Unterdessen brodelt es weiter an der Sozialfront. Am Mittwoch meldeten die Zeitungen De Tijd und L'Echo, dass die Gewerkschaften nicht mit Vertretern der N-VA oder OpenVLD am Verhandlungstisch sitzen wollen. De Standaard spricht denn auch von einem "tiefen Graben zwischen den Gewerkschaften und der Regierung". Die CSC und auch die CGSLB haben die Information inzwischen dementiert, die FGTB wollte sich nicht äußern.
Es gibt wohl keinen Rauch ohne Feuer, bemerkt Gazet van Antwerpen. In jedem Fall sollten die Gewerkschaften gut nachdenken, bevor sie solche Vetos in den Raum stellen. Ob man nun will oder nicht: Die N- VA ist nun mal die größte Partei des Landes. Und damit gehört sie eben an den Verhandlungstisch, ebenso wie im Übrigen die OpenVLD.
Het Belang van Limburg ist noch schärfer: Die Regierung Michel ist demokratisch legitimiert. Und ein für alle Mal: Es sind nicht die Gewerkschaften, die in diesem Land das Sagen haben, es sind nicht die Gewerkschaften, die entscheiden, wer für die Regierung am Verhandlungstisch sitzt. Wenn Premier Michel der Forderung nachgibt und Vizepremiers wie Jan Jambon oder Alexander De Croo ausschließt, dann macht er sich zum Spielball der Gewerkschaften.
Clown-Hysterie
"Die Psychose der bösen Clowns erfasst die ganze Wallonie", schreibt La Dernière Heure auf Seite eins. "Auch Belgien im Bann der Clown-Hysterie", bemerkt ebenfalls Het Laatste Nieuws. Was nach einem Halloween-Scherz klingt, bereitet den Justizbehörden zunehmend Sorgen. Das Phänomen sorgt derzeit vor allem in Frankreich für Schlagzeilen: Menschen, die als böse Clowns verkleidet sind, attackieren unschuldige Passanten, die dabei mitunter krankenhausreif geschlagen werden.
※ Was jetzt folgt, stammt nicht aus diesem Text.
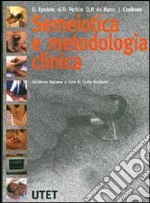 Semeiotica e metodologia clinica libro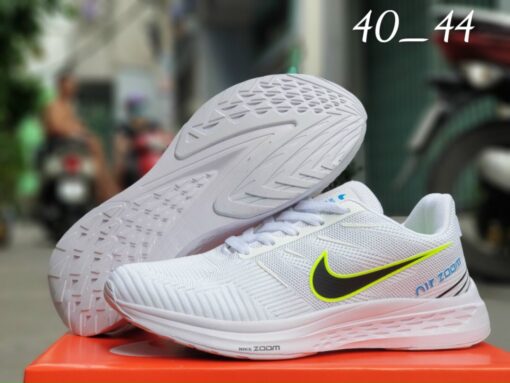 Giày Nike Nam F32 màu trắng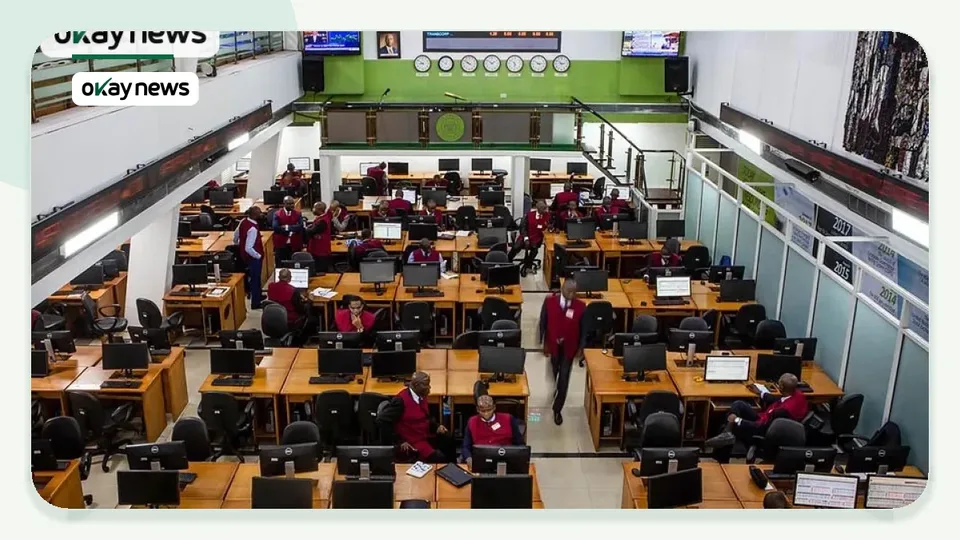 Nigerian Exchange Limited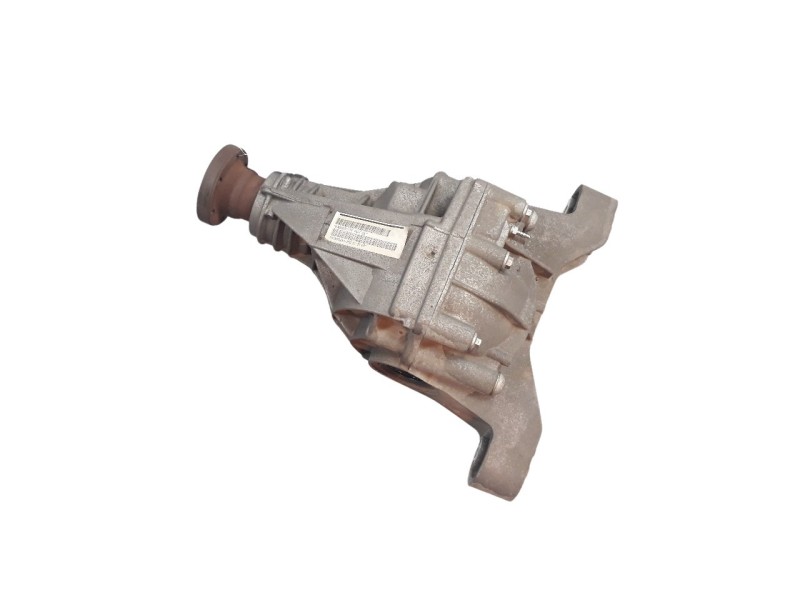 Recambio de diferencial trasero para audi q7 (4l) 3.0 v6 24v tdi referencia OEM IAM AGT 0AB525017F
Inzwischen gibt es auch erste Fälle in Belgien, vor allem in der Wallonie. Am Dienstag etwa wurde ein junger Mann in Nivelles von zwei Clowns brutal zusammengeschlagen. La Dernière Heure geht jedenfalls davon aus, dass sich solche Vorfälle jetzt im Vorfeld von Halloween noch häufen könnten. Auch die Justiz mahnt zur Vorsicht.